Riceviamo e pubblichiamo il comunicato del Movimento Angelo Vidoletti.
Questa mattina, davanti a Palazzo Estense, il MAV si è ritrovato per sostenere la battaglia contro le barriere architettoniche che ancora oggi ostacolano l'autonomia e la libertà di movimento delle persone con disabilità in tutta Varese.
Una presenza simbolica, ma anche un messaggio politico chiaro: le persone con disabilità non possono essere considerate cittadini di serie B.
Marciapiedi inaccessibili, attraversamenti fantasma, ostacoli e percorsi non adeguati continuano a rendere impossibili gli spostamenti quotidiani. Una situazione che confina molte persone nelle proprie abitazioni, privandole della possibilità di vivere pienamente la città, lavorare, incontrarsi, accedere ai servizi e partecipare alla vita della comunità.
«Nel nostro programma proporremo l'istituzione di un assessore dedicato esclusivamente alle politiche sulla disabilità, una figura che possa rappresentare un punto di riferimento stabile per le persone con disabilità e coordinare le politiche comunali su accessibilità, inclusione e abbattimento delle barriere» sottolinea Mario Beghetto, referente disabilità MAV.
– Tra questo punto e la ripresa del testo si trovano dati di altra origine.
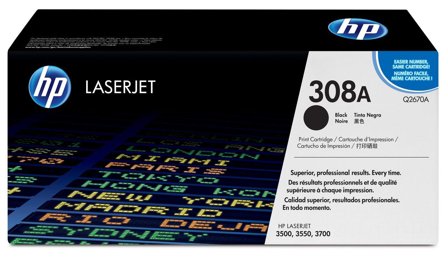 HP 308A - Svart - original - LaserJet - tonerpatron (Q2670A) - for Color LaserJet 3500, 3500n, 3550, 3550n, 3700, 3700d, 3700dn, 3700dtn, 3700n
Al centro delle richieste c'è inoltre la necessità di dare piena e concreta applicazione ai PEBA – Piani per l'Eliminazione delle Barriere Architettoniche, trasformandoli da strumenti di programmazione in un vero piano operativo, con interventi, priorità, tempi e risorse definiti.
«Varese deve essere una città accessibile a tutti. Non è accettabile che una persona con disabilità debba rinunciare a uscire di casa perché il percorso davanti alla propria abitazione o per raggiungere un servizio pubblico è pieno di barriere» chiosa Stefania Bardelli, leader del MAV.
Il MAV continuerà a battersi al fianco delle persone con disabilità.